Igor Stravinsky did not like the term “neoclassicism.” “The word is overused. It means nothing at all,” stated the composer in an interview in 1930, a year before his Violin Concerto was written. The term stayed however, and Stravinsky’s Violin Concerto is considered a fine example of neoclassical style. Though like any great work of art, there is much more to it than any one term can offer.

During the 1920s, Igor Stravinsky continued his quest for an “architecturally” constructed music, devoid of psychological content or descriptiveness, and based on strictly musical technique. In almost every interview during that time he talks about his interest in structure, geometry, and order. “My goal is form,” was his motto.

Where did this aversion to psychological content and open emotionalism come from? Was it the influence of Russian “eurasianism” with its utopian belief in the resurrection of the ancient tribal “accord,” which rejected individual feelings and desires, as opposed to (quoting his talk with Romain Rolland) “decadent” German culture? Was this interest in pure form the result of Stravinsky’s separation from his homeland, which he saw for the last time just a few days before the outbreak of the World War I, thus losing an important cultural ground? Did the desire to “run away from romanticism” come as a natural move of the historical pendulum (or, rather turn on the art spiral), which Stravinsky recognized earlier than other composers? Or was it the result of his natural inclination towards clarity and balance? After all, he grew up in St. Petersburg, where classicism reigned supreme in architecture as well as in other arts and experienced a quasi-revival in Diaghilev’s Mir Iskusstva (World of Art) circle, with which Stravinsky was involved since the late nineteenth century.
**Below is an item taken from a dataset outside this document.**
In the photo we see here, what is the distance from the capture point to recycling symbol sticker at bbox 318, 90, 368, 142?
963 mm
No matter what the reasons behind this stylistic development, during the 1920s Stravinsky wrote an impressive chain of compositions in which he explored new possibilities using old principles, forms and procedures; first and foremost, the polyphony of Bach and his predecessors. (The list starts with Pulcinella and includes Symphonies for Wind Instruments, Serenade in A, Oedipus Rex, and Apollon Musagète, among others.) Baroque and classicism became, using Stravinsky’s own words, starting points for his own creative work, and he proved that “the composer can re-use the past and at the same time move in a forward direction.”
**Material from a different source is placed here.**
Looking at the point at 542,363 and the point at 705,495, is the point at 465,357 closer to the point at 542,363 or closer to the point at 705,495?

By the year 1929, Stravinsky, who since 1920 had lived in France (after moving there with his wife and three children from Switzerland), was well known in Europe and America, which he first visited in 1925. Around that time, his publisher suggested that the 47 year old composer write a concerto for the violinist Samuel Dushkin, a Polish Jew by origin, a New York student of Leopold Auer and an adopted child of the American composer Blair Fairchild, who eventually paid for the commission. Stravinsky hesitated. He did not play violin himself and did not write violin virtuoso pieces, though in his Histoire du Soldat (1918) he uses a violin solo as an impersonator of the devil. For several years until Oedipus Rex (1927), he even avoided strings in his scores altogether because of a certain suspiciousness he had of the warmth and romantic expressiveness of their sound.
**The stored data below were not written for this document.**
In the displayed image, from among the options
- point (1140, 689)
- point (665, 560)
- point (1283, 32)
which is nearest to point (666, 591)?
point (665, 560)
Stravinsky set to work after Paul Hindemith assured him that his lack of experience could only help in creating something original, and Dushkin, who had turned out to be an intelligent and cultural person, expressed eagerness to be on hand to give advice. In December of 1931 Dushkin played the Concerto for the first time. The premiere took place in Berlin with the Berlin Broadcasting Orchestra. Stravinsky conducted. Ten years later, one of Balanchine’s greatest ballets was created using this score, which should not have come as surprise since the music is brilliant instrumental theater, full of gestures, dynamic exchanges, pulsating meters and capricious irregular rhythms. It also contains some of the composer’s most beautiful lyrical music.

The Concerto is laconic: the four contrasting movements last a total of 22 minutes. The movements’ titles – Toccata, Aria I, Aria II and Capriccio – point to a baroque model, though they were added after the completion of the score as a compass for listeners. However, the composer, as always, does not rely on existing schemes. He listens to demands of his thematic material, follows its own logic and builds unique structures.

The seed for the composition, its “passport” as Stravinsky called it, is a dissonant chord, which opens each movement (and some sections inside) like a call for attention, a signal for a curtain opening. The theater allusion is justified by what follows: Toccata themes pop up as characters in commedia dell’arte and the mood is energetic and bright with a touch of humor and irony. Stravinsky combines baroque melodic “gestures” (such as melismatic figurations or scales) with his signature asymmetrical rhythms. “Horizontal” competition of groups of instruments, typical for the old Concerto Grosso, is spiced up with modern contrasting juxtaposition of distant registers and timbres. Starting the Toccata movement with a loud dissonance, Stravinsky ends it with an unexpected triumphant consonant chord. Sometimes the music – with all of these flitting episodes of different character – seems almost polystilistic. A very modern piece was created out of some old principles.

The Aria I is a two-part polyphonic invention, but its theme, first “sung” by solo violin, is unusually wide in range, and the middle section brings in some dark shadows. However, even this hint of drama is brushed away in the very last bar by a brief, light and “smiling” violin passage.

A sarabande from a Bach suite comes to mind during the first bars of Aria II: expressive violin cantilena floats above a slow succession of chords. The strings, which where used quite economically in previous movements (Stravinsky still preferred the sharp coolness of the winds), dominate here, thus producing one of the rare examples of warmth and melancholy in Stravinsky’s music.

The Capriccio, with its syncopated rhythms, obsessive ostinati and a vivid row of contrasting themes/masks brings back the mood of Toccata, but the blend includes a more evident element of jazz. As one Berlin critic pointed out after the Concerto’s premiere 72 years ago, Stravinsky created an “amusing, incredibly witty music of inspired refinement, music of a thousand touches, and scored as only Stravinsky knows how.”